RoboSherlock: Cognition-enabled Robot Perception for Everyday Manipulation Tasks
This work addresses the problem of fragmented perception-cognition integration in autonomous robots, offering a novel framework for mobile robots performing human-scale manipulation tasks, though it appears incremental as it builds on existing paradigms.
The paper tackles the challenge of integrating perception and cognition in robotic systems for everyday manipulation tasks by introducing RoboSherlock, a knowledge-enabled cognitive perception framework that formulates scene interpretation as an unstructured information management problem, resulting in improved object recognition and task-relevant query answering.

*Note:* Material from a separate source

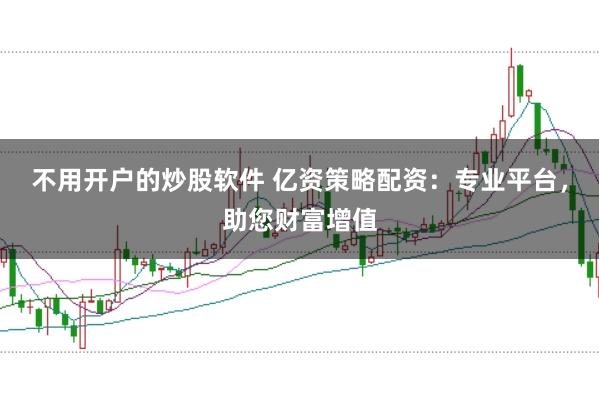 不用开户的炒股软件 亿资策略配资：专业平台，助您财富增值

A pressing question when designing intelligent autonomous systems is how to integrate the various subsystems concerned with complementary tasks. More specifically, robotic vision must provide task-relevant information about the environment and the objects in it to various planning related modules. In most implementations of the traditional Perception-Cognition-Action paradigm these tasks are treated as quasi-independent modules that function as black boxes for each other. It is our view that perception can benefit tremendously from a tight collaboration with cognition. We present RoboSherlock, a knowledge-enabled cognitive perception systems for mobile robots performing human-scale everyday manipulation tasks. In RoboSherlock, perception and interpretation of realistic scenes is formulated as an unstructured information management(UIM) problem. The application of the UIM principle supports the implementation of perception systems that can answer task-relevant queries about objects in a scene, boost object recognition performance by combining the strengths of multiple perception algorithms, support knowledge-enabled reasoning about objects and enable automatic and knowledge-driven generation of processing pipelines. We demonstrate the potential of the proposed framework through feasibility studies of systems for real-world scene perception that have been built on top of the framework.